Students’ refusal to state their race on forms is frustrating school officials, reports McClatchy News.
SACRAMENTO — About half of the 37 students in teacher Jeanne Kirchofer’s Laguna Creek High School classroom, who span nearly every combination of race and ethnicity, have joined the growing number of California studentsn who decline to state a race on official forms and tests.
“We shouldn’t be judged by our race,” said senior Jessica Mae Belcher, 17, whose roots are African and Cherokee. She prefers “none of the above” because “we’re all different, but we’re all the same, too.”
From 2006 to 2009, the number of Elk Grove Unified students whose race is listed as “multiple/no response” went from 500 to 6,200. Statewide, there’s been a 70 percent increase in “multiple/no response” students in three years.
The U.S. Department of Education wants school officials to “eyeball” students who decline to state and check a box for them, reports McClatchy. In order to identify racial/ethnic achievement gaps, “the agency is pressing schools to identify all students by race in 2010-11 or face penalties.”
California doesn’t force school officials to assign a racial or ethnic identity to students who prefer to be uncategorized. At Laguna Creek High, some students say they prefer to identify as “American.”

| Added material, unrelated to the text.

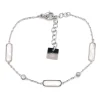 Bracelet Zag Bijoux acier argenté trois ovales nacre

Freshman Felicia Forte, 14, traces her roots to France, Africa and Jamaica. “In the end, we’re all American,” she said. “Race doesn’t matter. Especially on a test, it makes us feel like they’re going to categorize us or stereotype us.”

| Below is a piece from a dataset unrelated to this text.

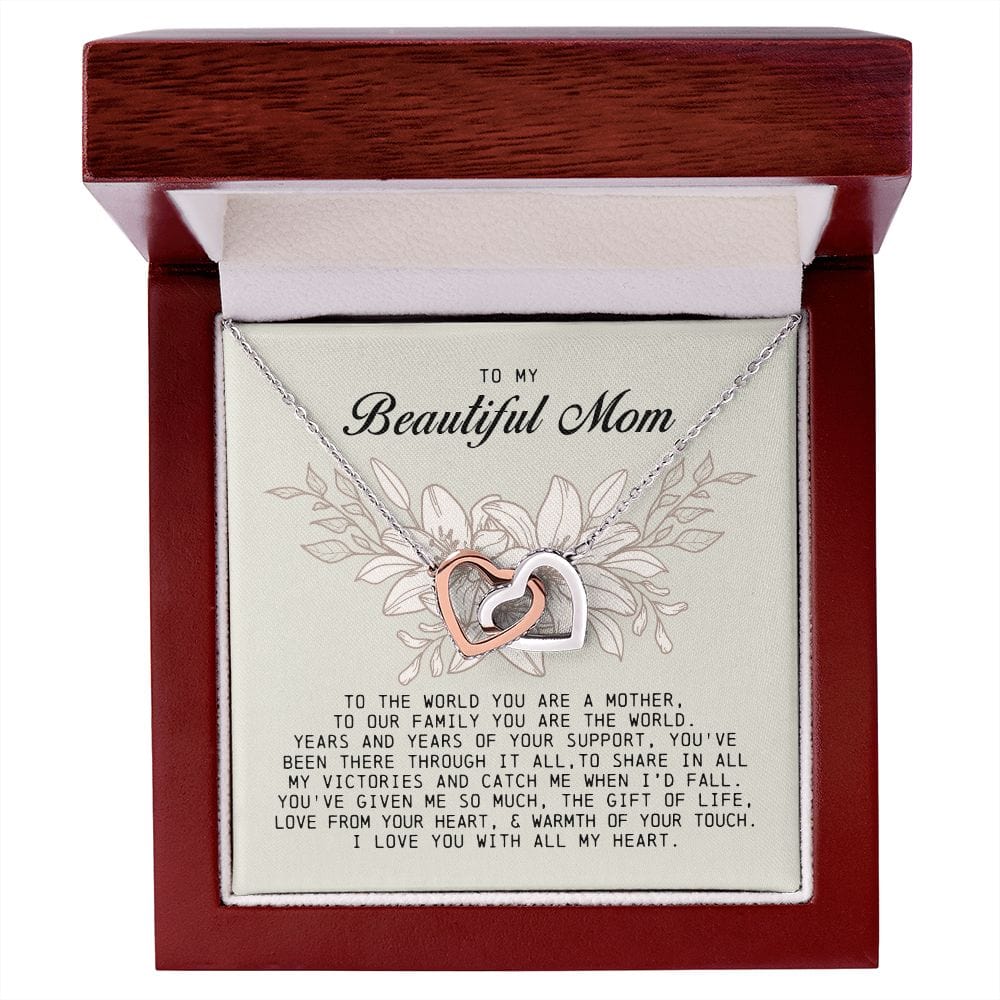 To my Beautiful Mom, Interlocking Hearts Necklace, Mother's Day Gift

“Usually I bubble in ‘Mexican,’ but I don’t speak Spanish, so I feel weird about identifying as Mexican,” said Angellinda Gonzalez, 15. “But I’m still proud of my culture. We really shouldn’t judge people because they are a different race.”
More California college students also are declining to state a race or ethnicity. That may reflect a rise in multi-ethnic students — or a fear of discrimination. Nationally, “other” is up 25 percent on the SAT.